Several Winnipeggers participated in the maiden voyage of the Keenora to Fort Francis on August 21.
“All spoke in the highest terms of the scenery of the route and the accommodations on the boat” (Free Press, August 23, 1897), “... and those who have returned would emphasize” it was far superior to the average vessel plying lake of the Woods “and add that the interior appointments of the boat are all that could be desired, while the cuisine is first class. The state rooms are costly furnished, and the cabin is tastefully upholstered, containing every comfort and luxury to be found on all the best eastern ships.”
Later newspaper accounts reported that excursions aboard the Keenora were popular with visitors from Britain and the U.S. According to an article in the July 14, 1906, Free Press, the Keenora had every comfort, convenience and elegance for holiday travel. There was a salon with easy chairs, a “finely arranged dining room with an outlook on the bow end.” And staff were eager to please every whim of the passengers.
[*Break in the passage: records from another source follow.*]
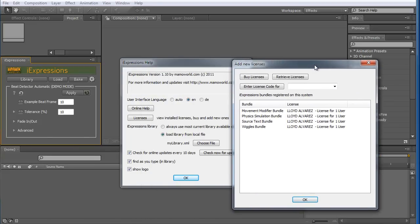You can see I can install licenses of individual bundles. Here I have installed movement modifier bundle, physics simulation bundle, source text bundle and Wiggles bundle. All the others are not installed.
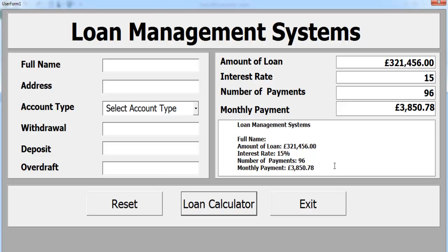We now have it as percent, number of months, monthly payback, and that is the amount that has been borrowed. With that, I'm going to call it the end of this tutorial. I suppose you all enjoyed it. Have a nice day.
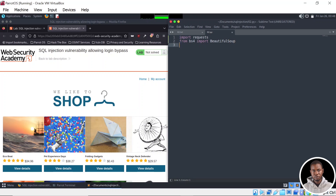Lastly, we need to import the sys library, which we're going to use to handle exceptions in the case whereby our application is not able to make requests to the destination URL. We're also going to handle the case whereby the user presses Ctrl+C on the keyboard, so we should be able to handle this using customized messages.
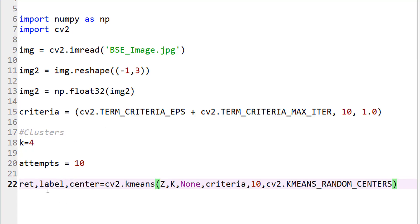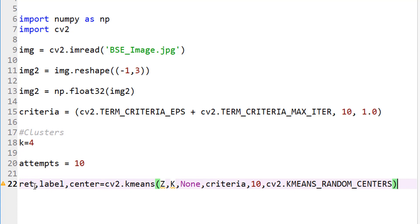So it's going to return our output. This algorithm outputs three things. One is compactness. I'm just returning it. Compactness is the sum of squared distance from each point to their corresponding centers. It tells you what the compactness is for that cluster. Labels, as you know, these are the labels. And then center is the center of each cluster.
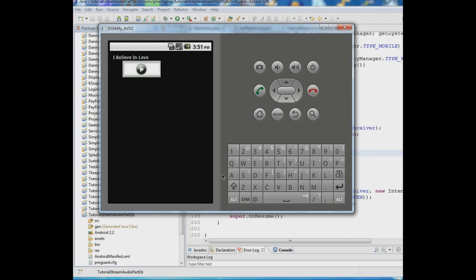We're going to move on to the next tutorial where we'll talk about dealing with headsets — being able to stop the music if somebody has a headset plugged in and they take it out. We're also going to deal with moving to various points within the audio using a seek bar. Stay tuned and see you next time.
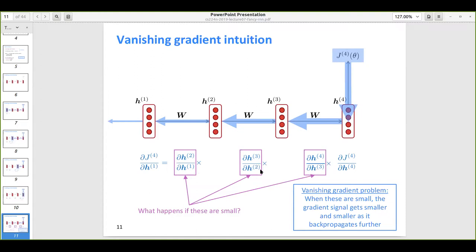The important thing to notice is that all of these individual gradient terms are being multiplied. If each of these gradient terms is small in magnitude, multiplying them together gives a value which is much, much smaller — that's what causes vanishing gradient. The gradient signal that gets back-propagated gets smaller and smaller as back propagation progresses. This problem isn't exclusive to RNNs — it also happens with CNNs, which is why ResNets use skip connections.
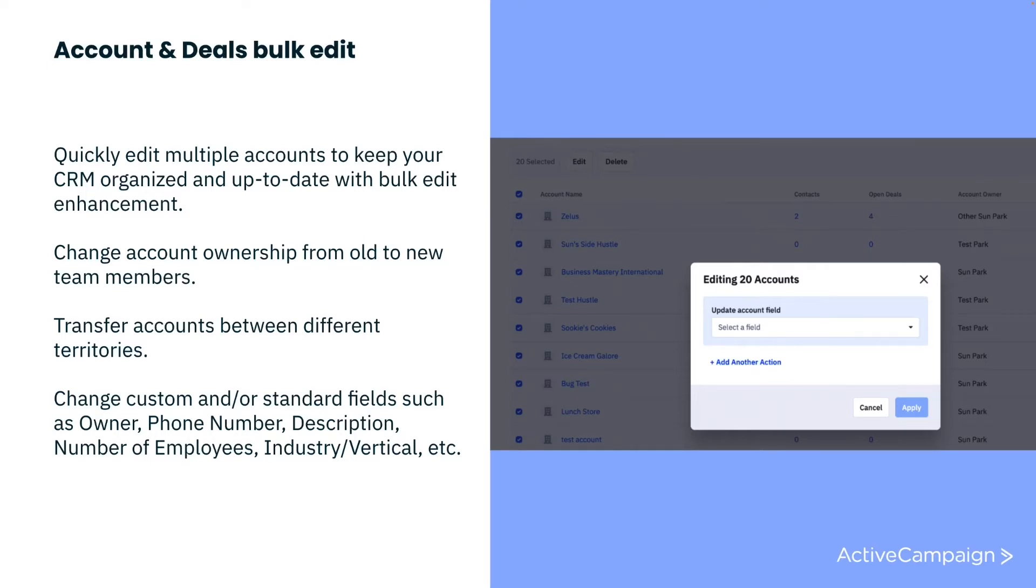All of these goals can now be accomplished in a matter of a few clicks so you can get more done in less time. Let's take a closer look at how to bulk edit deals.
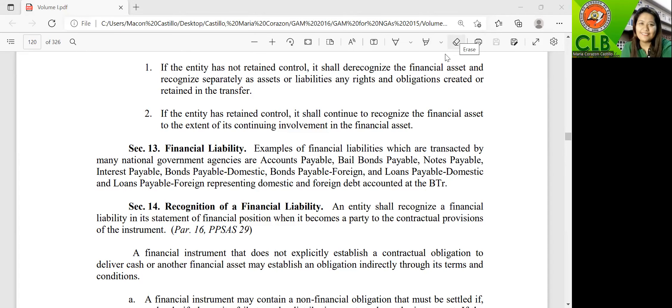In this video, I will be discussing Section 13 until Section 17 of Chapter 7 of Volume 1 of the Government Accounting Manual for National Government.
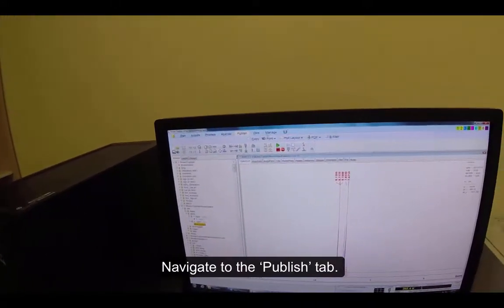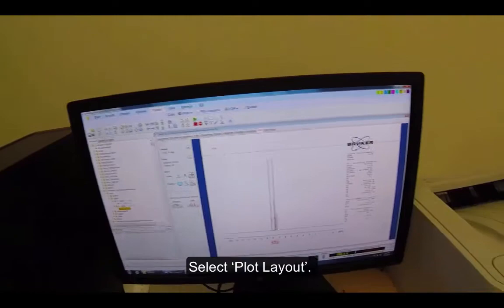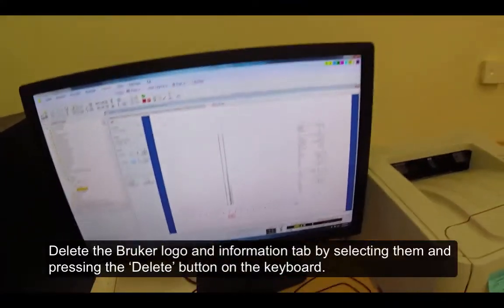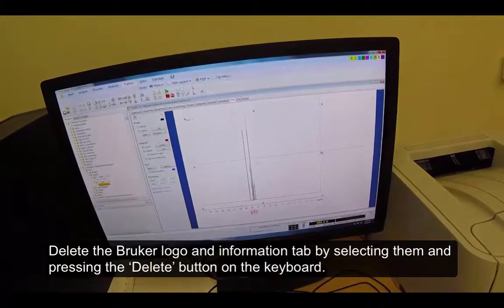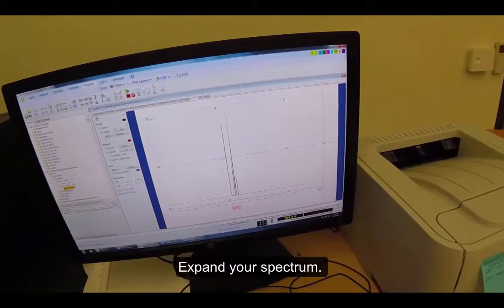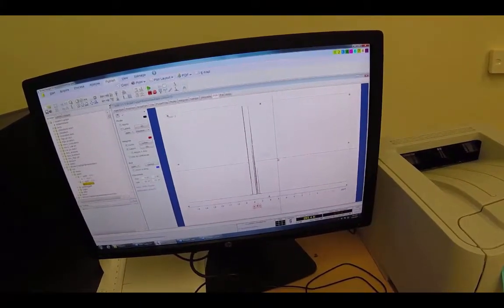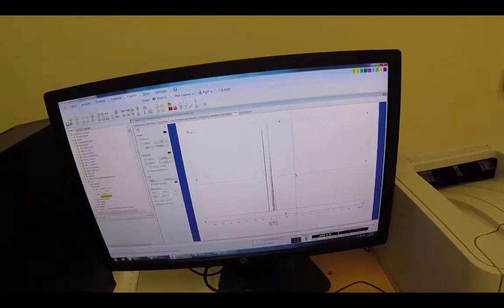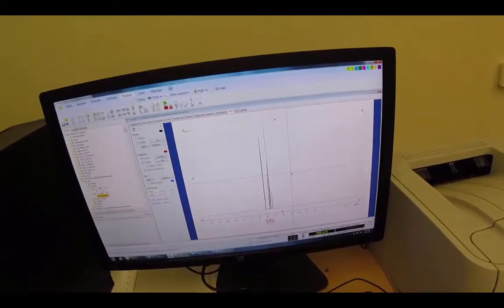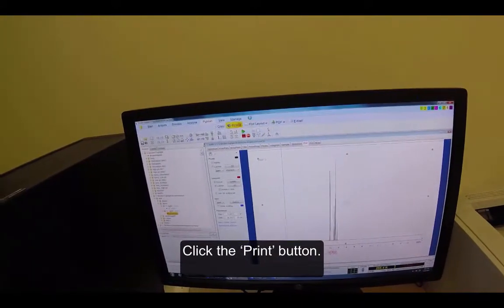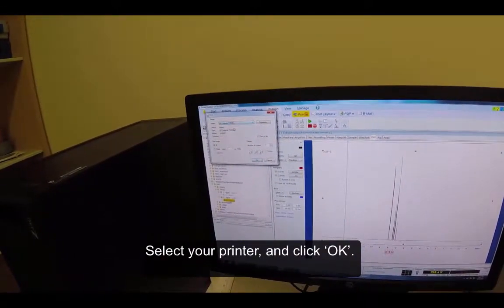Navigate to the Publish tab. Select Plot Layout. Delete the Bruker logo and Information tab by selecting them and pressing the Delete button on the keyboard. Expand your spectrum. Click the Print button. Select your printer and click OK.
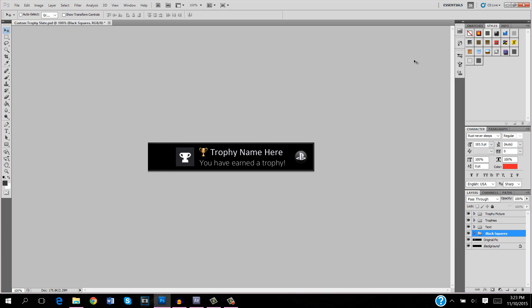But that is all for this tutorial. I hope you found it useful and I look forward to seeing what kind of custom effects you guys are going to come up with. I would like to thank you for watching and I hope you have a great day.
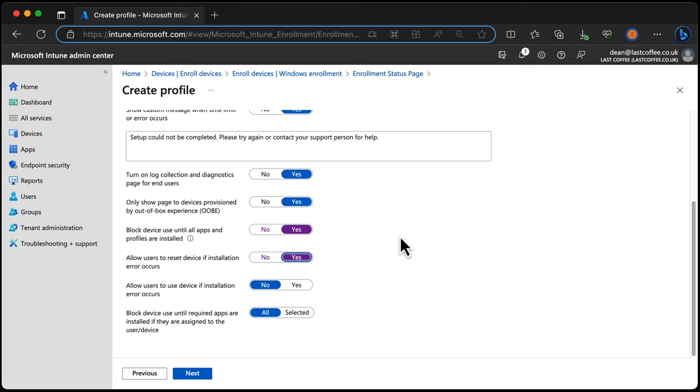block device use until required apps are installed if they're assigned to the user or device. And here we can specify All, which means that we'd wait for all of the apps to be installed before they can use the device.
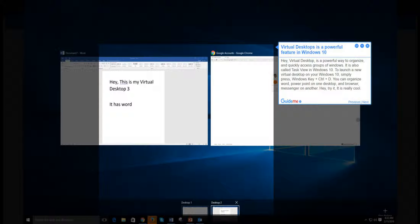You can organize Word, PowerPoint on one desktop, and browser, Messenger on another. Try it, it is really cool.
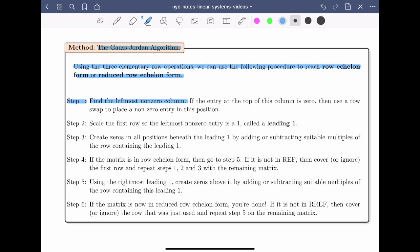If the entry at the top of this column is zero, then use a row swap to place a non-zero entry in this position. Moving on to step two, we want to scale the first row so that the leftmost non-zero entry is a one, called a leading one. In step three, we want to create zeros in all positions beneath the leading one by adding or subtracting suitable multiples of the row containing the leading one.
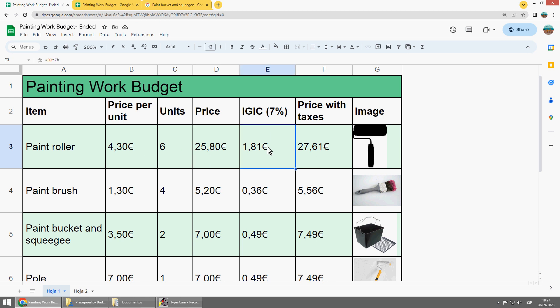Here you can calculate the taxes you want, for example multiplying by 7% or by the tax you want. And here you put the sum of these two, the addition.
The only time in the early history of the vessel that tragedy struck was when Joseph Bourdeau, “the popular young porter” (Free Press, July 22, 1899), fell overboard and drowned. The drowning occurred as the ship was leaving “Mr. Ward’s dock at Little Forks.” Apparently, Bourdeau lost his footing, fell into the water in full view of 60 to 70 passengers, and although a strong swimmer, was carried under by a strong current just 10 metres from shore.
The tenure of the Keenora on Lake of the Woods was somewhat brief. In 1901, the Ontario and Rainy River Railway was built, which had a direct effect on passenger travel aboard the ship. With declining numbers of excursionists caused by railroad transportation, the vessel was docked for five years until the Canadian Northern Railway took over ownership of the Keenora in 1915. 
Advertisements for the sale of the Keenora and Agwinde began to appear in newspapers in 1916. The sale was “pursuant” to the “judge of the Admiralty Court” in Toronto.
A consortium of Winnipeg lawyers, who formed the Lake Winnipeg Navigation Co., Ltd., purchased the Keenora and had it dismantled for shipment to the city by railway flatcar. When being reassembled in Winnipeg, the ship’s hull was extended by 30 feet (9.1 metres), giving the vessel an overall length of 156 feet (48 metres). 
Sixty-five passenger cabins were also built and new machinery installed. A wooden dance floor was installed that went the width of the second deck.
Although seaworthy, the Keenora didn’t sail for another year and instead served as a stationary floating dance hall.
The following spring, the Lake Winnipeg Navigation Company began advertising trips to St. Andrew’s Locks and Victoria Beach. All sailings originated from the foot of St. John’s Avenue. The trip to the rapids was 50-cents for adults and 25-cents for children, while a return far to Victoria Beach was $1.50 with no mention of a children’s fare. 
Later in the navigation season, daily evening trips to Keenora Park with a band and dancing were announced at 50-cents apiece. In addition, there were five trips to Keenora Park on Dominion (Canada) Day 1917. Newspaper accounts from the period indicated that the vessel’s deck was often packed with over 400 excursionists.